?XavierMessersmith (via web): I'd backup a 5 gig partition using something like this:

 #!/bin/sh
 dd if=/dev/hda1 of=./XtFe1 bs=32M count=32
 bzip2 -v ./XtFe1
 dd if=/dev/hda1 of=./XtFe2 bs=32M count=32 skip=32
 bzip2 -v ./XtFe2
 dd if=/dev/hda1 of=./XtFe3 bs=32M count=32 skip=64
 bzip2 -v ./XtFe3
 dd if=/dev/hda1 of=./XtFe4 bs=32M count=32 skip=96
 bzip2 -v ./XtFe4
 dd if=/dev/hda1 of=./XtFe5 bs=32M count=32 skip=128
 bzip2 -v ./XtFe5

The reasoning for this is that a file level backup of Windows 2000 is near worthless, and being in moderate sized chunks evades file length limitations on various filesystems. (its also nice to get the backups small, hence the ["BZ2ing"])

Its generally recommended to pretreat the partition by filling it up with files generated with a 'dd if=/dev/zero' for the sake of compression efficiency (?BackupAndRecoveryDemo).

Is there any way to further automate/improve this process?


Not having the source partition and destination filename hardcoded or having the time expected estimated would be nice features.
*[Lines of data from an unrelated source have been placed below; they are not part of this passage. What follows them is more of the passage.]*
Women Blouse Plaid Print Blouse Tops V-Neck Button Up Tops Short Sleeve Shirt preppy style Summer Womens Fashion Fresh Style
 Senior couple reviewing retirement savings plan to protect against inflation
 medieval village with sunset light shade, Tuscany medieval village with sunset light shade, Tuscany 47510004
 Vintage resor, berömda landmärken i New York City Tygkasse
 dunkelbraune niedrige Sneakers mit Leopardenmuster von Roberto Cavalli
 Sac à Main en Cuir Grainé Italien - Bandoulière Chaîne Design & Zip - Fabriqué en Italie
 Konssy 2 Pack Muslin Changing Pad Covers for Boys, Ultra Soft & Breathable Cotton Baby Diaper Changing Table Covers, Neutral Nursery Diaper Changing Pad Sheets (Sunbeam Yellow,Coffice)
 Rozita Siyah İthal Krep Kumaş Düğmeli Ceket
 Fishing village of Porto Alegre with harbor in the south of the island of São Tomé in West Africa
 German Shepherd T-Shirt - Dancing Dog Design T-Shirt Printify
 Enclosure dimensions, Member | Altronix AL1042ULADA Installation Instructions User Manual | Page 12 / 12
As would being able to pass initial chunk size to the script as an argument!

For bzip2 compressed sets (the bzipping is quite optional, with another script) I've found:

 bzcat part1.bz2 part2.bz2 part3.bz2 part4.bz2 part5.bz2 || dd of=/dev/hda1

actually works! But is using bzcat like this safe?

See ?ShellScripting101 for more shell script help.

A good tip: Use lzop to compress the data because it is way faster than gzip or bzip, with something like

 dd if=/dev/hda1  || lzop > data

Also gotta look into netcat for backing up to a seperate system on a network. (for example, when backing up a single partition system with ["Knoppix"])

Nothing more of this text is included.